■ **WHAT IS REQUIRED**: Please write out every entry below, word for word.

■ **WORKING DATA**:
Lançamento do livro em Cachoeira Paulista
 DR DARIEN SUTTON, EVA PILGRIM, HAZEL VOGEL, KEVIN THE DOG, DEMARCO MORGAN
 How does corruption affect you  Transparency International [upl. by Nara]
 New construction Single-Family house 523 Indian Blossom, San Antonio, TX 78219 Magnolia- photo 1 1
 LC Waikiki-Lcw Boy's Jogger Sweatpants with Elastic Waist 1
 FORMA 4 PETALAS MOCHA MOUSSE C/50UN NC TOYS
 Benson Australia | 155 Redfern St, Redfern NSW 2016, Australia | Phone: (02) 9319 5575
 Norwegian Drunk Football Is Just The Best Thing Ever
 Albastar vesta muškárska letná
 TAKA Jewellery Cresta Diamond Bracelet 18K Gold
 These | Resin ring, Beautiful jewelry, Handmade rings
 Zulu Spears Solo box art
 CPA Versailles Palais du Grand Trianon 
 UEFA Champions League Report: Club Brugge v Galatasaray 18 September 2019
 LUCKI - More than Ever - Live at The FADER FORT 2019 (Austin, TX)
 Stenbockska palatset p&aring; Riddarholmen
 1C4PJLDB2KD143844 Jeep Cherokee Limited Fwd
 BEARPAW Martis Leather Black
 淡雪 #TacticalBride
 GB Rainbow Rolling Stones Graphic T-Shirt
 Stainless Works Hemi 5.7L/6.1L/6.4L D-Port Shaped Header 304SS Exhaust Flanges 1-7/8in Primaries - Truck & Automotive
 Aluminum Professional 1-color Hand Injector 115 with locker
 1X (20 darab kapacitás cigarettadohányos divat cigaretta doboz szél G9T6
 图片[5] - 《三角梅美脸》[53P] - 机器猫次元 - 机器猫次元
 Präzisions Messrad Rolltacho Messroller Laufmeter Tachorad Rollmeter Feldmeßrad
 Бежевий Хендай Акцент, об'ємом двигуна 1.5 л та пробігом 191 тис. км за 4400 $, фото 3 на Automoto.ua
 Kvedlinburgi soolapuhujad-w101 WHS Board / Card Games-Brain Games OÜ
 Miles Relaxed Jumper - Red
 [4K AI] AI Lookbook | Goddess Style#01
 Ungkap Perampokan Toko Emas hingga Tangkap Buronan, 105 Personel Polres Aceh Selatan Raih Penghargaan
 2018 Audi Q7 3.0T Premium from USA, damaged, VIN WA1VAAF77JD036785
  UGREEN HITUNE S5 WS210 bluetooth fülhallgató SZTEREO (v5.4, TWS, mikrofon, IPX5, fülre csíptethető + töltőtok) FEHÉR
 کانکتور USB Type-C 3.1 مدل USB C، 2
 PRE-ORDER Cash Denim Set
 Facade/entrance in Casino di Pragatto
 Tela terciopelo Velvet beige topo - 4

■ **RESPONSE**:
Lançamento do livro em Cachoeira Paulista
 DR DARIEN SUTTON, EVA PILGRIM, HAZEL VOGEL, KEVIN THE DOG, DEMARCO MORGAN
 How does corruption affect you  Transparency International [upl. by Nara]
 New construction Single-Family house 523 Indian Blossom, San Antonio, TX 78219 Magnolia- photo 1 1
 LC Waikiki-Lcw Boy's Jogger Sweatpants with Elastic Waist 1
 FORMA 4 PETALAS MOCHA MOUSSE C/50UN NC TOYS
 Benson Australia | 155 Redfern St, Redfern NSW 2016, Australia | Phone: (02) 9319 5575
 Norwegian Drunk Football Is Just The Best Thing Ever
 Albastar vesta muškárska letná
 TAKA Jewellery Cresta Diamond Bracelet 18K Gold
 These | Resin ring, Beautiful jewelry, Handmade rings
 Zulu Spears Solo box art
 CPA Versailles Palais du Grand Trianon 
 UEFA Champions League Report: Club Brugge v Galatasaray 18 September 2019
 LUCKI - More than Ever - Live at The FADER FORT 2019 (Austin, TX)
 Stenbockska palatset p&aring; Riddarholmen
 1C4PJLDB2KD143844 Jeep Cherokee Limited Fwd
 BEARPAW Martis Leather Black
 淡雪 #TacticalBride
 GB Rainbow Rolling Stones Graphic T-Shirt
 Stainless Works Hemi 5.7L/6.1L/6.4L D-Port Shaped Header 304SS Exhaust Flanges 1-7/8in Primaries - Truck & Automotive
 Aluminum Professional 1-color Hand Injector 115 with locker
 1X (20 darab kapacitás cigarettadohányos divat cigaretta doboz szél G9T6
 图片[5] - 《三角梅美脸》[53P] - 机器猫次元 - 机器猫次元
 Präzisions Messrad Rolltacho Messroller Laufmeter Tachorad Rollmeter Feldmeßrad
 Бежевий Хендай Акцент, об'ємом двигуна 1.5 л та пробігом 191 тис. км за 4400 $, фото 3 на Automoto.ua
 Kvedlinburgi soolapuhujad-w101 WHS Board / Card Games-Brain Games OÜ
 Miles Relaxed Jumper - Red
 [4K AI] AI Lookbook | Goddess Style#01
 Ungkap Perampokan Toko Emas hingga Tangkap Buronan, 105 Personel Polres Aceh Selatan Raih Penghargaan
 2018 Audi Q7 3.0T Premium from USA, damaged, VIN WA1VAAF77JD036785
  UGREEN HITUNE S5 WS210 bluetooth fülhallgató SZTEREO (v5.4, TWS, mikrofon, IPX5, fülre csíptethető + töltőtok) FEHÉR
 کانکتور USB Type-C 3.1 مدل USB C، 2
 PRE-ORDER Cash Denim Set
 Facade/entrance in Casino di Pragatto
 Tela terciopelo Velvet beige topo - 4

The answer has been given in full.